Not needed



David Whitley takes a look at the commonly-packed things you really don’t need to take with you on a round the world trip


Most packing advice concentrates on the things you do need to pack, but just as important is what you leave out. If you’re planning to travel the world for a few months, then a bit of expediency on the packing front is going to save you a fair bit of back pain and stress in the long run. So here are a few things that should definitely stay at home…


The thick woolly jumper

Unless you’re planning to go somewhere really, really cold, a thick jumper is always going to be a burden on the backpack. It’s one of those things you pack “just in case” and, as with most “just in case” items it’ll be used infrequently if not at all. If you end up going somewhere cold, you can just buy a cheap jumper or fleece while there and ditch it later.


Beach towels

One towel can take up a bit too much room, but taking two – an extra, large one for the beach as well – is just madness.

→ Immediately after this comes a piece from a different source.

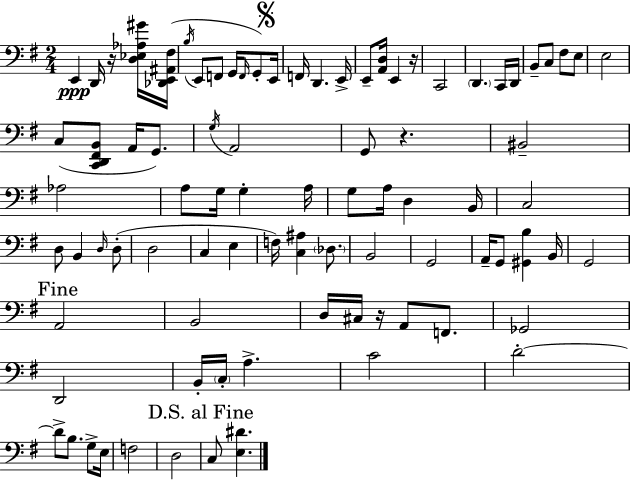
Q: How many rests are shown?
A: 4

Again, beach towels are far better bought whilst on the ground if you need one. If you’re travelling around beachy areas for a while, you’ll probably want one. Fine – buy a cheap one locally and keep it in a plastic bag whilst travelling around by local transport. But the moment you have to get on a plane, it’s probably time to ditch it.


Travel pillows

There is some merit in having an inflatable travel pillow that you can blow up each time you’re on a flight or a coach, but only if you’re going to be spending a lot of time on planes and coaches. As for the fluffy pillows that aren’t inflatable? Well, they’re going to be nothing but a complete nuisance. You’ll be sick of the sight – and shape – of it within a fortnight, as they’re incredible difficult to pack around.


Soft toys

So you’ve brought a stuffed tiger or a teddy along so you can take photos of it in a series of weird and wonderful locations around the world. Brilliant! There’s absolutely no way that joke is going to wear thin after weeks of trying to shoehorn it into your bag, and lumbering up mountains with it in your hand, just for that photo op. Alas, the gag has been done many, many times before – the toy is best left at home.


Your guitar

No-one, and I mean no-one, wants to hear your version of Wonderwall. Got it?